Selon Gustave Roel, les écoles secondaires s’inscrivent dans un contexte plus vaste. « Les fédérations sportives au Québec ont une reconnaissance en fonction des athlètes positionnés sur l’échelle provinciale et nationale, rappelle-t-il. Les Jeux du Québec, c’est un autre exemple. Il y a toute une culture derrière ça. »

Et cette « culture » commence tôt, très tôt.

À l’âge de 6 et 7 ans, le fils de Jean-Pierre Coulombe était dans le programme de développement d’un club de plongeon de Montréal. Son deuxième entraîneur avait une approche « plus froide, plus disciplinaire », se souvient Jean-Pierre Coulombe. Le petit devait suivre les instructions… sur une feuille. Comme il « partait dans sa bulle », il avait rarement droit à la récompense en fin de cours : sauter du grand tremplin.

Ses parents ont rencontré la responsable du programme pour voir si on pouvait modifier l’approche à l’égard de fiston, qui avait besoin de se faire toucher l’épaule pour écouter.

Jean-Pierre Coulombe se souviendra toujours d’une phrase qu’il a entendue, ce jour-là : « Vous savez, nous, on entraîne des champions ». Son fils a cessé de faire du plongeon. Il a 15 ans aujourd’hui. Il demeure sportif, mais « à ce jour, il a une aversion pour la compétition ».

Spécialisation hâtive

Selon la littérature scientifique, divers facteurs mènent à l’abandon du sport à l’adolescence, dont le manque de plaisir, la perception des compétences, la pression, mais aussi ce qu’on appelle la « spécialisation hâtive », qui consiste à spécialiser les enfants en bas âge dans une seule discipline.

Cette façon de faire est critiquée, parce qu’elle est associée à davantage de blessures et d’épuisements sportifs.
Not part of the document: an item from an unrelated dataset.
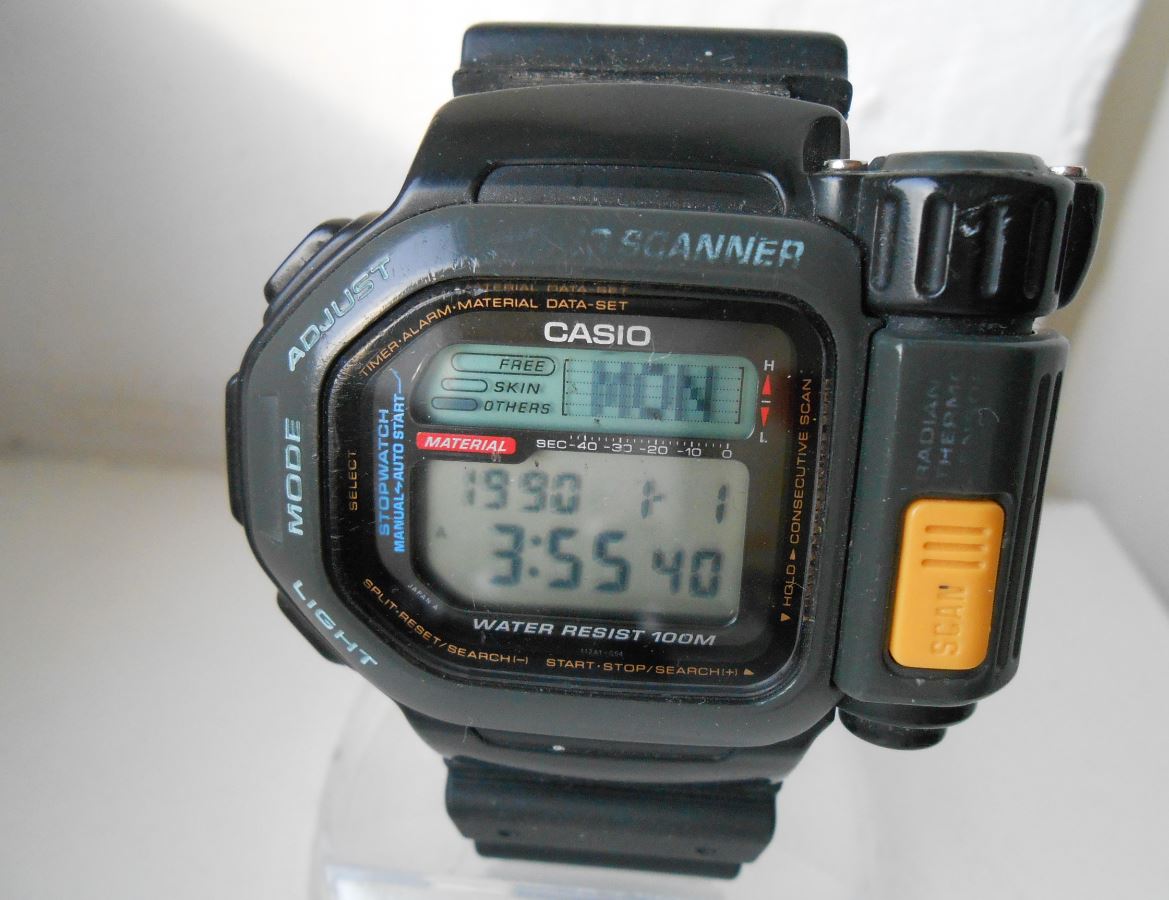 casio thermo scanner watch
Selon Pierre Lavoie, jusqu’à la fin de la deuxième secondaire, on devrait miser sur le développement de plusieurs compétences par le jeu et le plaisir, comme c’est le cas dans des pays scandinaves. À ses yeux, la spécialisation dans la grande majorité des sports pourrait être retardée.
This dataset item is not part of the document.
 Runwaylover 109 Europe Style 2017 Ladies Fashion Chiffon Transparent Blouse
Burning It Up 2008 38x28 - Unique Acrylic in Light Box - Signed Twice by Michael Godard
PHOTO DAVID BOILY, ARCHIVES LA PRESSE

Pierre Lavoie, cofondateur du Grand défi Pierre Lavoie, en 2018

André Lachance a travaillé avec plusieurs nations. Il retournera sous peu au Danemark, où il aide à revoir le système de compétition pour le mettre « au service de l’athlète ».
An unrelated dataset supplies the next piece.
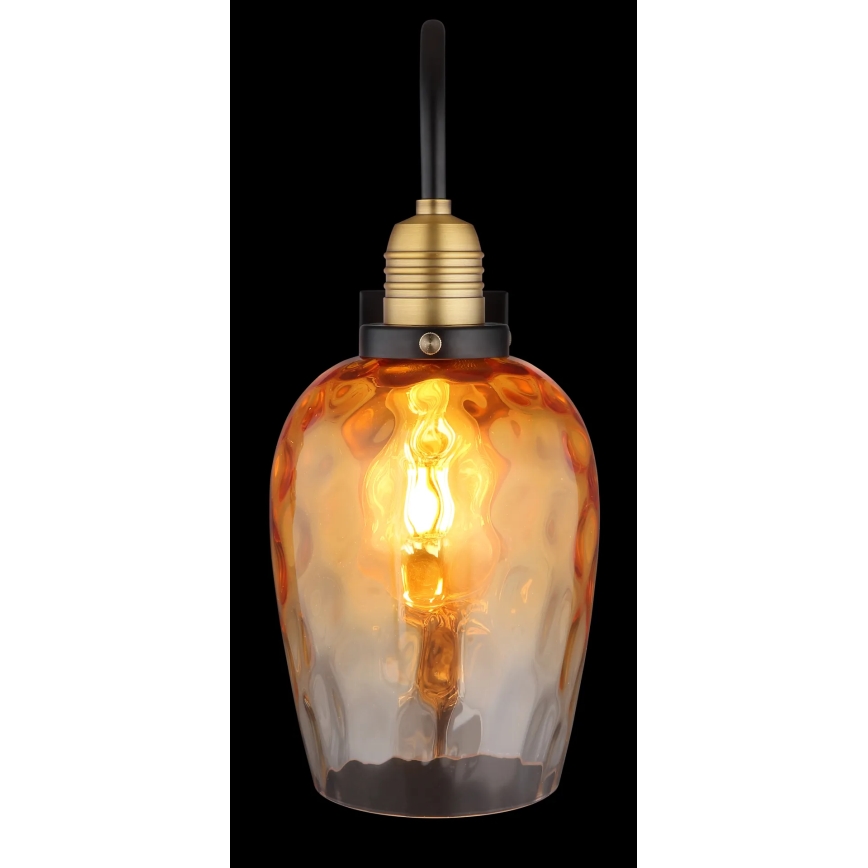 Globo - Λάμπα τοίχου 1xE27/60W/230V πορτοκαλί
Selon lui, les exemples comme ceux de la Suède et de l’Islande montrent qu’on peut très bien travailler sur les deux tableaux à la fois : avoir du succès au plus haut niveau tout en ayant un système inclusif permettant à tous les enfants de rester actifs longtemps. La Norvège demeure un exemple frappant : le pays de 5,4 millions d’habitants – actuellement premier au classement des médailles aux Jeux olympiques de Pékin – propose un modèle axé sur le plaisir, le sentiment de compétence et la liberté de choix chez les enfants.

« Pour en arriver là, il faut faire des changements dans les structures, les systèmes de compétition et la façon de voir le sport », estime André Lachance. À l’instar du français et des mathématiques, les mouvements et les habilités devraient être enseignés tôt aux élèves. « Pourquoi, rendus en sixième année, les enfants québécois ne savent-ils pas tous patiner même s’il y a des arénas et des patinoires à proximité de leurs écoles ? », se questionne André Lachance, selon qui il reste aussi beaucoup d’éducation et de sensibilisation à faire.